■ TASK OBJECTIVE: Every record below should be retyped exactly, and no picture should appear in the copy.

■ Collection entries:

= Beginning of Section =

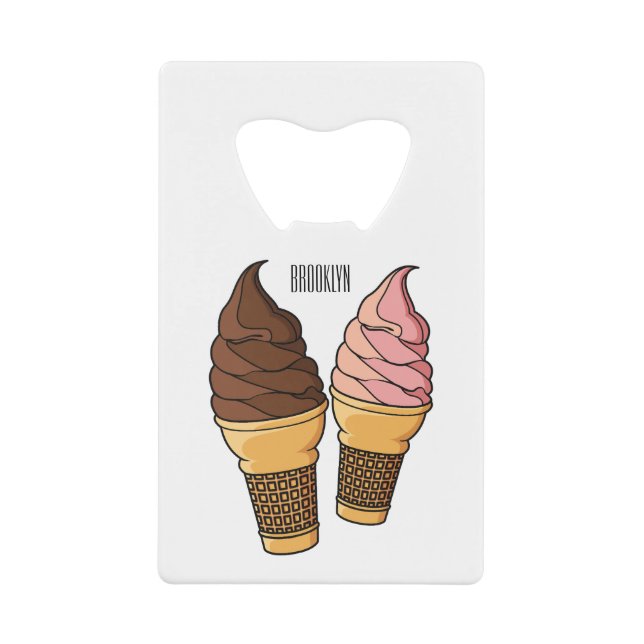 Ice-Creme-Cartoon Geldbeutel Flaschenöffner (Vorderseite)
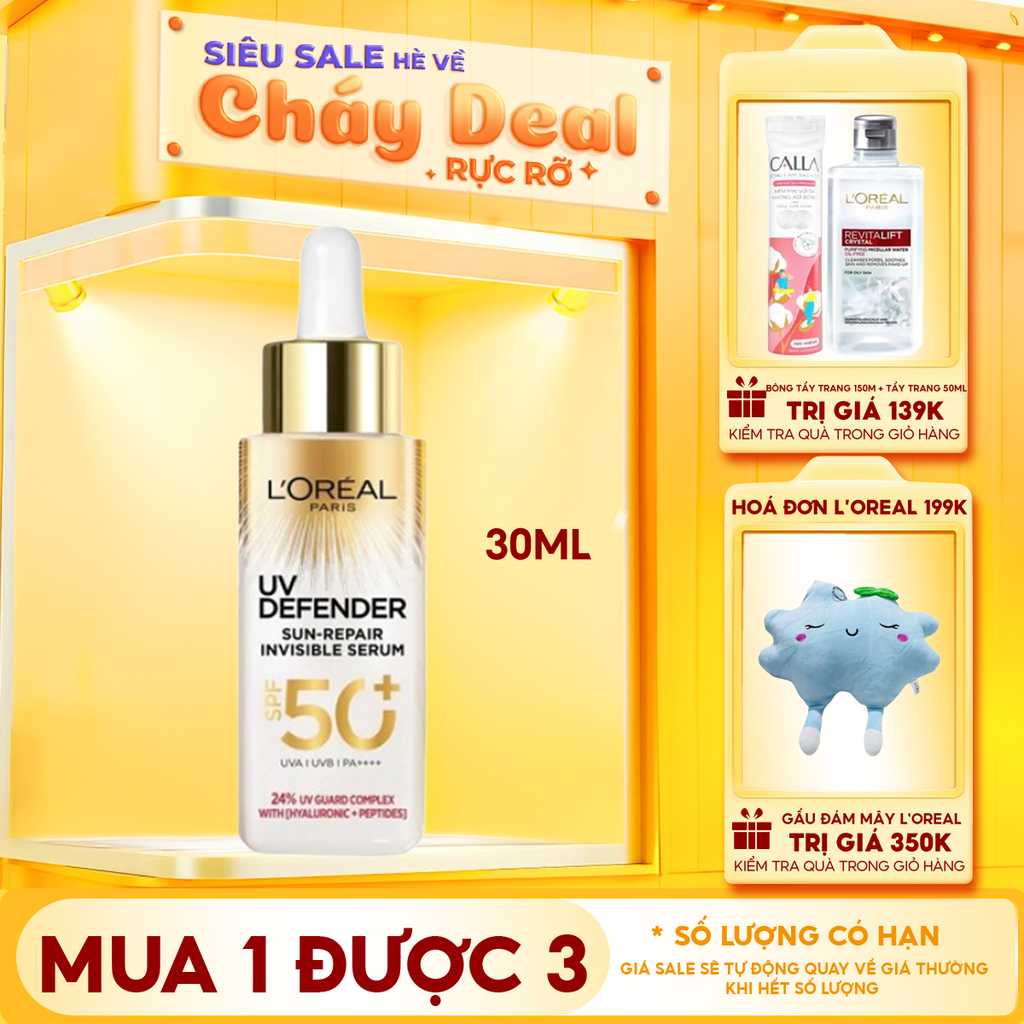 Serum Chống Nắng L'oreal Phổ Rộng, Mỏng Nhẹ, Hỗ Trợ Cải Thiện Da UV Defender Sun-Repair Invisible Serum SPF 50+ PA++++ 30ml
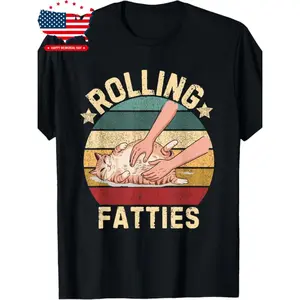 [100% Cotton] 100% Made In USA 180G Cotton Rolling Fatties Vintage Cat Lover T-Shirt For Men And Women With Colorful Stripes Machine Washable All Seasons Casual Wear Golf Gift T-Shirt For Men And Women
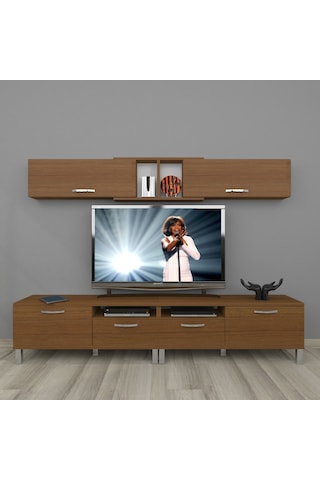 Decoraktiv Eko 5220 Mdf Krom Ayaklı Tv Ünitesi Tv Sehpası Ceviz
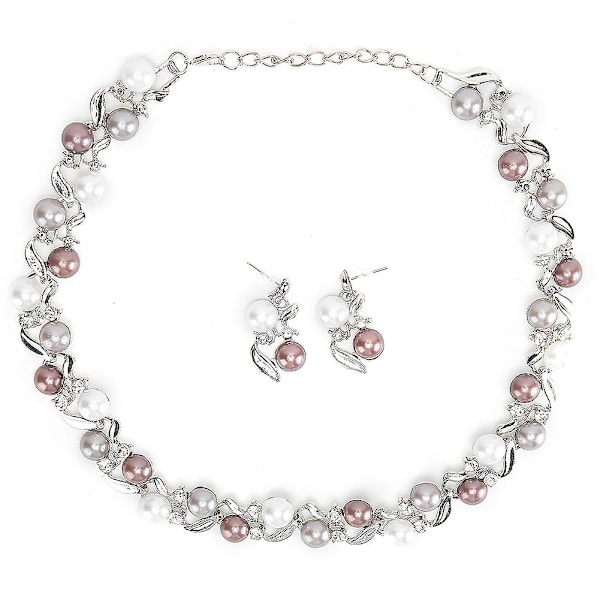 Bridal Jewelry Set - Women's Faux Pearl Necklace and Earrings with Rhinestone (Silvery White)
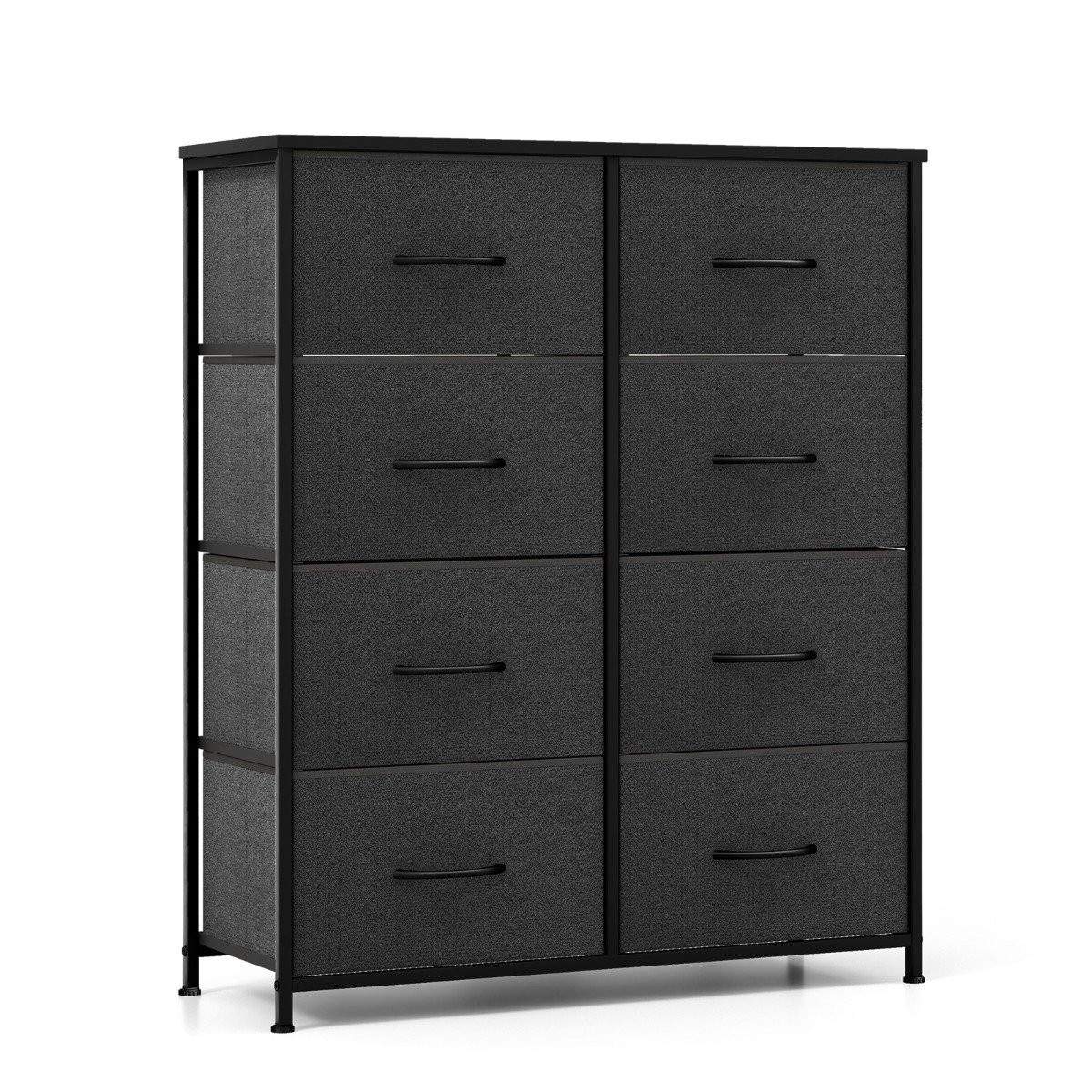 Kommode med 8 skuffer & metallramme & bordplate stoff kommode 80 x 30 x 92 cm grå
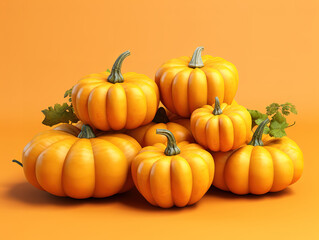 Obraz premium Autumn pumpkins on a yellow background. Concept for Autumn, Harvest, Halloween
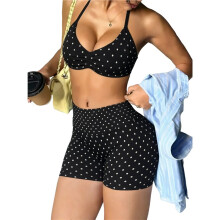 Women'S Polka-Dot Halter Top & High-Waist Shorts 2-Piece Outfit Set Black Polka Dots M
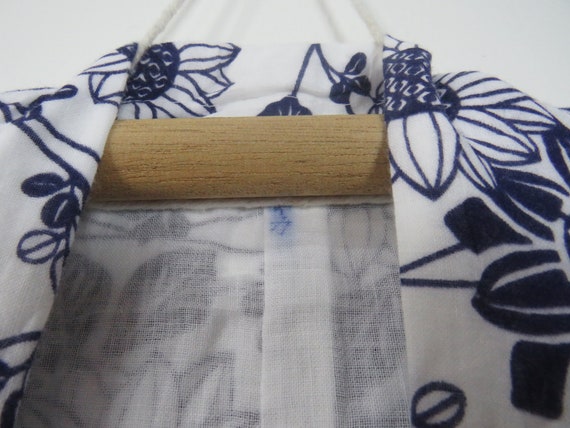 Vintage Japanese cotton yukata white blue color f… - image 7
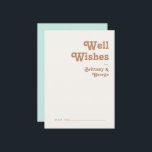 Retro Beach | Aqua Wedding Well Wishes Card<br><div class="desc">This retro beach | aqua wedding well wishes card is perfect for your simple vintage, colorful tropical boho summer wedding. Its unique bohemian mid-century font gives this design a classic minimalist groovy hippie vibe. Suppose you're looking for a design that features bright, rustic coastal ocean colors for your creative 70's...</div>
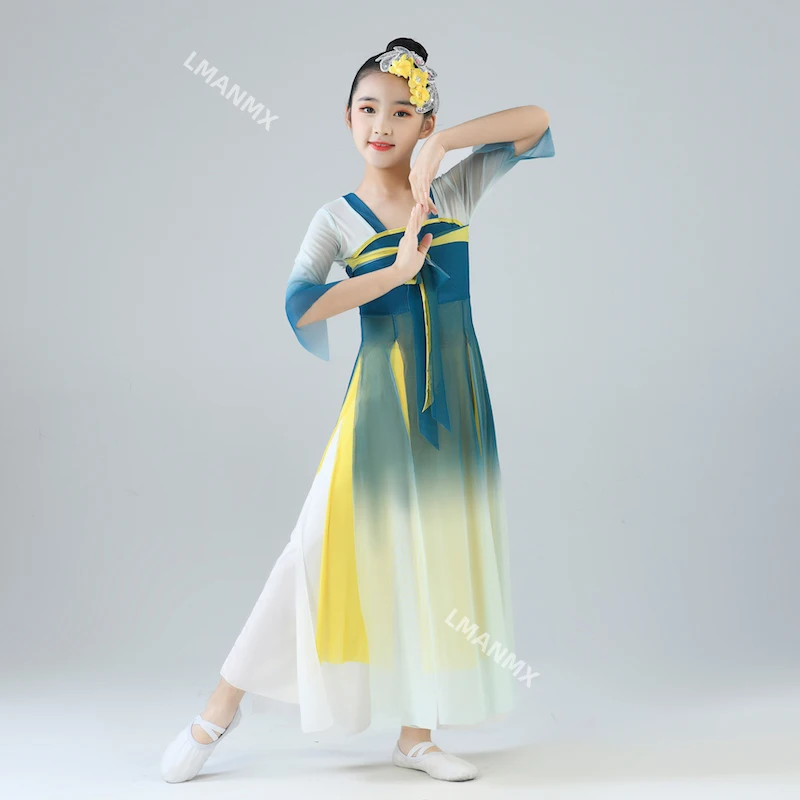 Costume hanfu chinois, costumes de scène classiques pour enfants, vêtements de danse parapluie ethnique pour filles, vêtements de danse en éventail, nouvelle collection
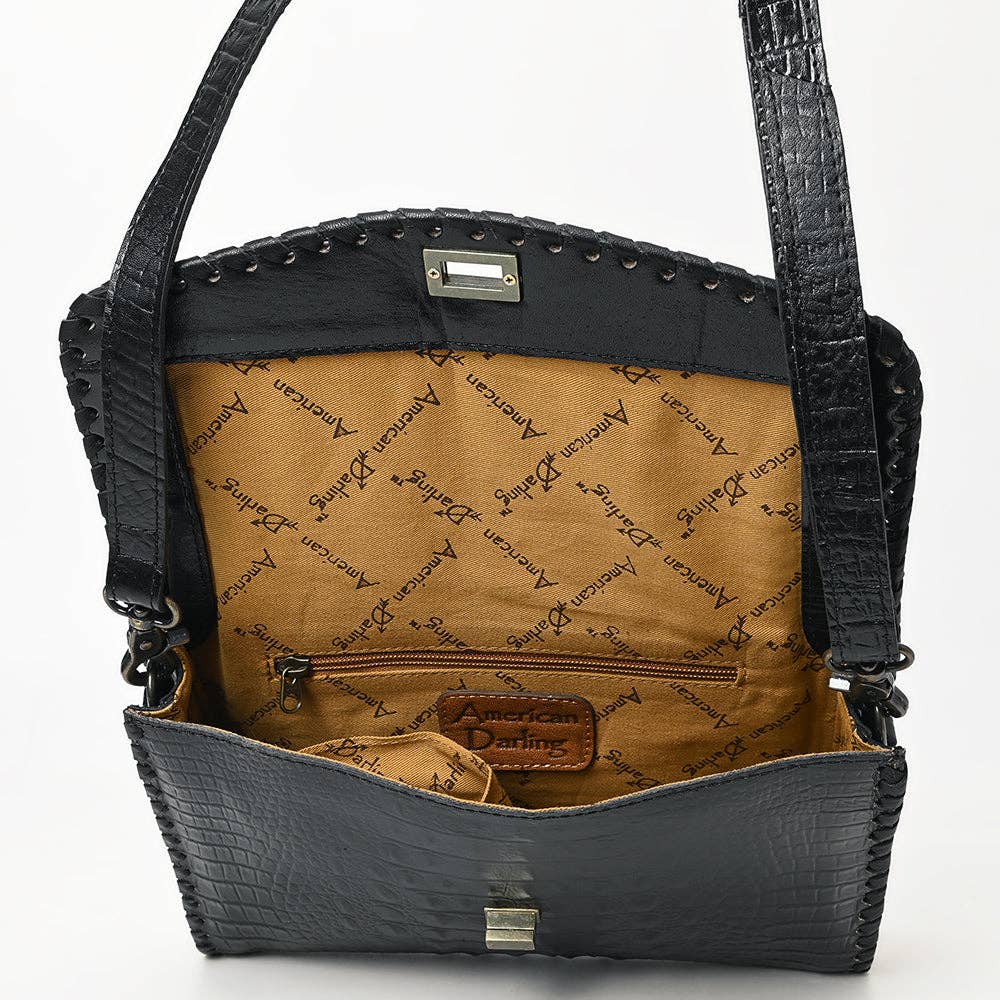 ADBG1526 Black Croc-Embossed Leather Crossbody Bag - Western Structured Flap Purse: ADBG1526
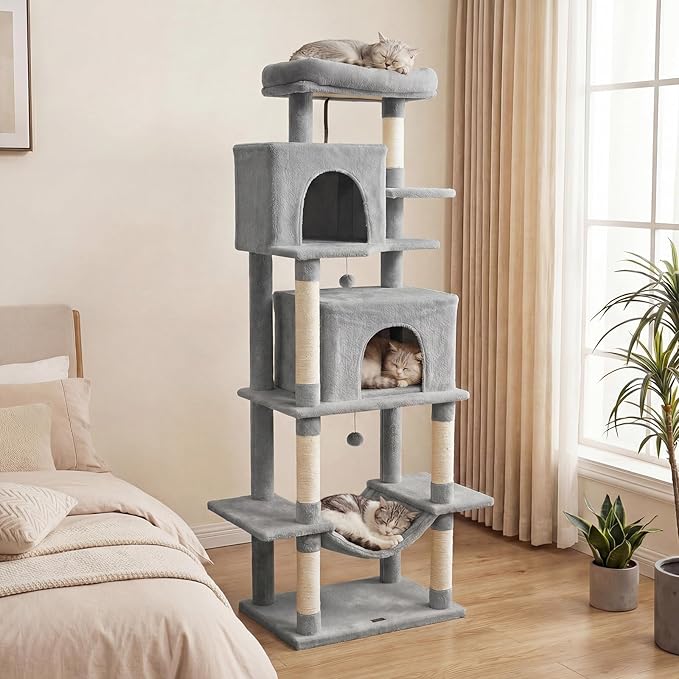 PETSITE 70-inch Tall Cat Tree, Modern Multi-Level Cat Tower with 2 Comfy Condos, Sisal Scratching Posts, Snug Hammock, and Dangling Ball, Ideal for Indoor Cats and Kittens (Grey)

= End of Section =

■ EXERCISE SOLUTION:
 Ice-Creme-Cartoon Geldbeutel Flaschenöffner (Vorderseite)
 Serum Chống Nắng L'oreal Phổ Rộng, Mỏng Nhẹ, Hỗ Trợ Cải Thiện Da UV Defender Sun-Repair Invisible Serum SPF 50+ PA++++ 30ml
 [100% Cotton] 100% Made In USA 180G Cotton Rolling Fatties Vintage Cat Lover T-Shirt For Men And Women With Colorful Stripes Machine Washable All Seasons Casual Wear Golf Gift T-Shirt For Men And Women
 Decoraktiv Eko 5220 Mdf Krom Ayaklı Tv Ünitesi Tv Sehpası Ceviz
 Bridal Jewelry Set - Women's Faux Pearl Necklace and Earrings with Rhinestone (Silvery White)
 Kommode med 8 skuffer & metallramme & bordplate stoff kommode 80 x 30 x 92 cm grå
 Obraz premium Autumn pumpkins on a yellow background. Concept for Autumn, Harvest, Halloween
 Women'S Polka-Dot Halter Top & High-Waist Shorts 2-Piece Outfit Set Black Polka Dots M
 Vintage Japanese cotton yukata white blue color f… - image 7
 Retro Beach | Aqua Wedding Well Wishes Card<br><div class="desc">This retro beach | aqua wedding well wishes card is perfect for your simple vintage, colorful tropical boho summer wedding. Its unique bohemian mid-century font gives this design a classic minimalist groovy hippie vibe. Suppose you're looking for a design that features bright, rustic coastal ocean colors for your creative 70's...</div>
 Costume hanfu chinois, costumes de scène classiques pour enfants, vêtements de danse parapluie ethnique pour filles, vêtements de danse en éventail, nouvelle collection
 ADBG1526 Black Croc-Embossed Leather Crossbody Bag - Western Structured Flap Purse: ADBG1526
 PETSITE 70-inch Tall Cat Tree, Modern Multi-Level Cat Tower with 2 Comfy Condos, Sisal Scratching Posts, Snug Hammock, and Dangling Ball, Ideal for Indoor Cats and Kittens (Grey)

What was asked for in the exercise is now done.